By Kelly Terpstra, kterpstra@charlescitypress.com

Just over 75 acres of land near the Avenue of the Saints could be prime real estate for an industrial park that could potentially provide hundreds of jobs for the Charles City area.

It could only take a short amount of time before that site is certified by the state and in the hands of a developer near the northeast corner of the intersection of South Grand and Highway 2018.

It comes down to who is going to fund the money to purchase the property?

That crystal ball became a lot more clear at a City Council planning session held at the Charles City Fire Department on Wednesday evening.

City Administrator Steve Diers said the city can directly purchase the $2.165 million property through the use of general obligation bonds and repay those bonds with incremental tax dollars generated from the South Grand Urban Renewal TIF District, where the land is located.

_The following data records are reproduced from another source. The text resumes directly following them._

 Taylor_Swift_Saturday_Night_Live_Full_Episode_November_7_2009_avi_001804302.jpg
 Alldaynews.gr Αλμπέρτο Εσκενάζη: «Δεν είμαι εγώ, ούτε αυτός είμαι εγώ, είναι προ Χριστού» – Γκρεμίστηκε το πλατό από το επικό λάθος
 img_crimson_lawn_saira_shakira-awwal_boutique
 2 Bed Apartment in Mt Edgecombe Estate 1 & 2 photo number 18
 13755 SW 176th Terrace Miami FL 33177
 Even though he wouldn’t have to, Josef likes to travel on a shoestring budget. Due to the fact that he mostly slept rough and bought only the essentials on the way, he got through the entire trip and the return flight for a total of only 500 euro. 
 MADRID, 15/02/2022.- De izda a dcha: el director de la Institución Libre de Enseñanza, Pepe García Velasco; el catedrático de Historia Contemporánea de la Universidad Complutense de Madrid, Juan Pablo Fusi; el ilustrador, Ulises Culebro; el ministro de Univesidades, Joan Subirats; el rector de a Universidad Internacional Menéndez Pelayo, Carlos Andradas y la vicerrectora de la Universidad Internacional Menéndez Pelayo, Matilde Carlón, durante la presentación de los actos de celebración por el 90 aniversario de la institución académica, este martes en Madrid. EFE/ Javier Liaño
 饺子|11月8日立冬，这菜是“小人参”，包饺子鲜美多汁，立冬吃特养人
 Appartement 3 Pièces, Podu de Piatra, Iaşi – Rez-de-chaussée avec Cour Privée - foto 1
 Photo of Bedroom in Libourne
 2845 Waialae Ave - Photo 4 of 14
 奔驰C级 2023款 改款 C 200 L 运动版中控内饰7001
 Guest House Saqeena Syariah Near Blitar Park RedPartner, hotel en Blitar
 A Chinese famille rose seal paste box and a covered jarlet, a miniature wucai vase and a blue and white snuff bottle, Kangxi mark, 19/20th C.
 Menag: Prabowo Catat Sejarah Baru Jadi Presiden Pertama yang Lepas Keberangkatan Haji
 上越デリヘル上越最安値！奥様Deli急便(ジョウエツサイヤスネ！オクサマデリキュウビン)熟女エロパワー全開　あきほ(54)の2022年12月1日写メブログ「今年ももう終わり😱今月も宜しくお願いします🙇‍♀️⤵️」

There initially had been a question whether the S. Grand District produced enough incremental TIF tax revenue to purchase the property, and whether the city had enough bonding capacity to purchase that property and still have enough in reserve for other potential projects such as the Charley Western Trail bridge replacement, the broadband project and possible City Hall renovations or relocation.

Wednesday, Diers told the council that a more detailed look at the numbers shows there is enough increment revenue to repay the bonds, and enough city bonding capacity to stay within safe margins.

One possibility had been to request that Floyd County purchase the property, and be repaid with the TIF revenue, but some county officials have initially balked at the purchase idea when it has been discussed.

Once purchased, the city would grant the property to the Charles City Area Development Corp. to market and hopefully sell to an industry to locate there. Once the property was sold, that money would also be used to repay the city bonds.

The CCADC and Charles City Realtor Connie Parson obtained a three-year option to purchase the land from the current property owners, Steven and Diana Swartzrock and Rockland Enterprises LLC., at a purchase price of $28,500 per acre, or about $2.15 million. That option extends until 2022 to meet the requirements for a state-certified site if the property isn’t owned by a public body.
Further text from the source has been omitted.